La plupart des photographies qui m’inspirent et que je produis sont prises « sur le vif »: leur forme de vérité, dépend d’une capacité à passer inaperçu et à offrir un point de vue sur ce qui se passe sans modifer le cours des choses.
Est-ce un attachement au caractère sacré de la vie, la notion de « naturel », entendu comme « non mis en scène », est présente en filigrane dans une bonne part de mon travail.
Pour que la magie opère, il faut pour moi qu’elle vienne de la vie elle-même, sans quoi elle n’est qu’un truc, aussi sophistiqué soit-il.
Avec ce projet , je suis parti dans une direction presque opposée : pour cette galerie de portraits, la prise de vue s’est faite dans l’environnement artifciel d’un studio et les modèles me regardaient droit dans l’objectif.
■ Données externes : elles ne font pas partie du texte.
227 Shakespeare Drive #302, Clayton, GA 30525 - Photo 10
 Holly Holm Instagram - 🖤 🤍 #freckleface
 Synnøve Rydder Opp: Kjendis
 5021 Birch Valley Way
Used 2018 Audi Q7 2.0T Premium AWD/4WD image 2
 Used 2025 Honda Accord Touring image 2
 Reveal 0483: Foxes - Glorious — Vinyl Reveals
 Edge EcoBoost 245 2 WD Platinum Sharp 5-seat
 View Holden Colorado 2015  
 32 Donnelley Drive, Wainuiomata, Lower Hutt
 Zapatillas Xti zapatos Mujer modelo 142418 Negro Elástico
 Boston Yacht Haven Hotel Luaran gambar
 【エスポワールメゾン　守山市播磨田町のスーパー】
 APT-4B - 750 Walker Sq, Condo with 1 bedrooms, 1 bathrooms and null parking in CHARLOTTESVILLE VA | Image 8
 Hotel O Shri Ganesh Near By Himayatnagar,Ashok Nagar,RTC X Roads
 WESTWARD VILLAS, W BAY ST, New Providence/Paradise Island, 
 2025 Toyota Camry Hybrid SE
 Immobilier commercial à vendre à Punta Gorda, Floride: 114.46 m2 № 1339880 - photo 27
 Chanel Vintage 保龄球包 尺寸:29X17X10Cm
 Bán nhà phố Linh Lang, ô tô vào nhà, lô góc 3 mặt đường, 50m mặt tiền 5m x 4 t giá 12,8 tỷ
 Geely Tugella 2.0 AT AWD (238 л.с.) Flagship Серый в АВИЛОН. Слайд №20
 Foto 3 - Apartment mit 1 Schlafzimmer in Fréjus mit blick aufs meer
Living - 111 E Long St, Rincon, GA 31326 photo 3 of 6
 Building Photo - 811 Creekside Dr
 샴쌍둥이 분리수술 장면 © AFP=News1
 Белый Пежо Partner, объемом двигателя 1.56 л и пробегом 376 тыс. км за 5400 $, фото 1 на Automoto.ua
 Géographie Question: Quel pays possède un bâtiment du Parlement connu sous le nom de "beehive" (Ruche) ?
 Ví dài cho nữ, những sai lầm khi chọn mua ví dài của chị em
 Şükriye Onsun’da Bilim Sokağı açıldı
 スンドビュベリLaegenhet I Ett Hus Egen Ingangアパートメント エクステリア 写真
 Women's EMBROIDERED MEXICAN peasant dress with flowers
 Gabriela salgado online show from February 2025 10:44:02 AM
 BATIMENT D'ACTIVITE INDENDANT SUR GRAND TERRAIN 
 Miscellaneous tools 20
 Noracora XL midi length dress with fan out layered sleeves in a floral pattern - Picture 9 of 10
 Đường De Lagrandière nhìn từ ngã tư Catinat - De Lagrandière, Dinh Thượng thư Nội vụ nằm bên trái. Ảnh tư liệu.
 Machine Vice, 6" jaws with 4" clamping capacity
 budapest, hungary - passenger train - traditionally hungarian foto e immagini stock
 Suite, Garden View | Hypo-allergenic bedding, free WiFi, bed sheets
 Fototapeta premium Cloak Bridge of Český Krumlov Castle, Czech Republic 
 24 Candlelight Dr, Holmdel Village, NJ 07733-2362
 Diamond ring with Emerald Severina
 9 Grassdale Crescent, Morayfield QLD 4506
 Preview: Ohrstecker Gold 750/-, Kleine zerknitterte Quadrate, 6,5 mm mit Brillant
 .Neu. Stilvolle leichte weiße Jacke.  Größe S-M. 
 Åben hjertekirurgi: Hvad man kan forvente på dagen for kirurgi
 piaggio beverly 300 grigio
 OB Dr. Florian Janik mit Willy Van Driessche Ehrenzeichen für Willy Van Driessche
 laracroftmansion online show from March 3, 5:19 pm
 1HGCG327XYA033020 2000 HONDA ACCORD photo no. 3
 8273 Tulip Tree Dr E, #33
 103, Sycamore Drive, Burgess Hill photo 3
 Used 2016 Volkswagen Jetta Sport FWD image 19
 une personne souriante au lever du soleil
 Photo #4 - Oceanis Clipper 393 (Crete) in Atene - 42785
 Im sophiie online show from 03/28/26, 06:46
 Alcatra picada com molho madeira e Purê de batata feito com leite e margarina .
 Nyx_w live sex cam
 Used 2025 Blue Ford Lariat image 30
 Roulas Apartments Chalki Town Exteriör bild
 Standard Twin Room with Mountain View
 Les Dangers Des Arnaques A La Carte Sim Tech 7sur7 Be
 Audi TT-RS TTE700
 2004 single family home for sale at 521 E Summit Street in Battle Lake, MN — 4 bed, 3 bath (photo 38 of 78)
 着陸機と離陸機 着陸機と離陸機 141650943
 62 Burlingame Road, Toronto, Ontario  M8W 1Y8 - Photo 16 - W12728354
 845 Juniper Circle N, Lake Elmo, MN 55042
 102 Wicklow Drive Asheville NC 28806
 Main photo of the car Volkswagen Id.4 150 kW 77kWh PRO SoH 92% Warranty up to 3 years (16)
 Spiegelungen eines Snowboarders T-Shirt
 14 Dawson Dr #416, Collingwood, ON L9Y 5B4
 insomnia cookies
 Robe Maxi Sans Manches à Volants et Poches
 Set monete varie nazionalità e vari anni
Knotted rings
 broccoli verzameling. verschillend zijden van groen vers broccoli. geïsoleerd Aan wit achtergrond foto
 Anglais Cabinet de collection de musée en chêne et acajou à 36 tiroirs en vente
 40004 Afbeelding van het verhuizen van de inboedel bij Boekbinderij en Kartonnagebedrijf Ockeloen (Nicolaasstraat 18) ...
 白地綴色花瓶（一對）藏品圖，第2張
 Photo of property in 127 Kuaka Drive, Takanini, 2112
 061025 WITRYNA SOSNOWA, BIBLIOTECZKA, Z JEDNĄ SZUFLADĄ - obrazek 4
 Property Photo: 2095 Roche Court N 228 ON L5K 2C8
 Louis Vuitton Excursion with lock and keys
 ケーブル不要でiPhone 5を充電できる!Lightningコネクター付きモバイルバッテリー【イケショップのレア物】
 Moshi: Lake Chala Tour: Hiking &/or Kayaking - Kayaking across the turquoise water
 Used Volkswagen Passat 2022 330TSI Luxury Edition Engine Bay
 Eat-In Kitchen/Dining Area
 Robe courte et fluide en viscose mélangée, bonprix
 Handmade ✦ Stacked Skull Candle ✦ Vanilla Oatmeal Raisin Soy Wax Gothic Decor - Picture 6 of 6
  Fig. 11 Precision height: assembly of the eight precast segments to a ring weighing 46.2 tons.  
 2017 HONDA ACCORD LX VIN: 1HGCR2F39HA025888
C’est donc une toute autre forme de vérité que j’ai cherché à atteindre : non pas épingler des gens par surprise mais saisir des modèles « en pleine conscience ».
Une intuition supplémentaire a donné la couleur particulière de la série : que la nudité pourrait amener ces modèles à une autre qualité de présence, sans pouvoir déterminer quelle en serait la nature précise.
De même j’avais le pressentiment que je ne les photographierais pas de la même façon, et que les spectateurs de la galerie, les sachant nus, ne les regarderaient pas de la même façon.
Je n’ai pas fait de « casting », j’ai lancé un appel via les réseaux sociaux et tous les gens qui se sont déclarés intéressés ont participé. Cet « échantillon » n’a pas l’ambition d’être représentatif.
Les prises de vue ont eu lieu au studio PhotoGalery dans la galerie de la Reine. J’installais le modèle dos à un mur blanc, face à une grande fenêtre qui donne sur la Galerie, avec pourseule consigne de regarder droit dans l’objectif.
J’ai travaillé en lumière naturelle: c’est le soleil capricieux qui filtrait dans la galerie qui a amené la lumière douce, diffuse et toujours changeante que ces portraits me semblaient réclamer.
Plusieurs participants ont parlé de cette prise de vue comme d’une « expérience », certains allant même jusqu’à dire qu’ils n’étaient pas si pressés de voir le résultat tant l’expérience leur semblait prendre le dessus.
C’est peut-être vrai pour moi aussi. Mais je suis content qu’il reste une trace de ces rencontres et de pouvoir les partager.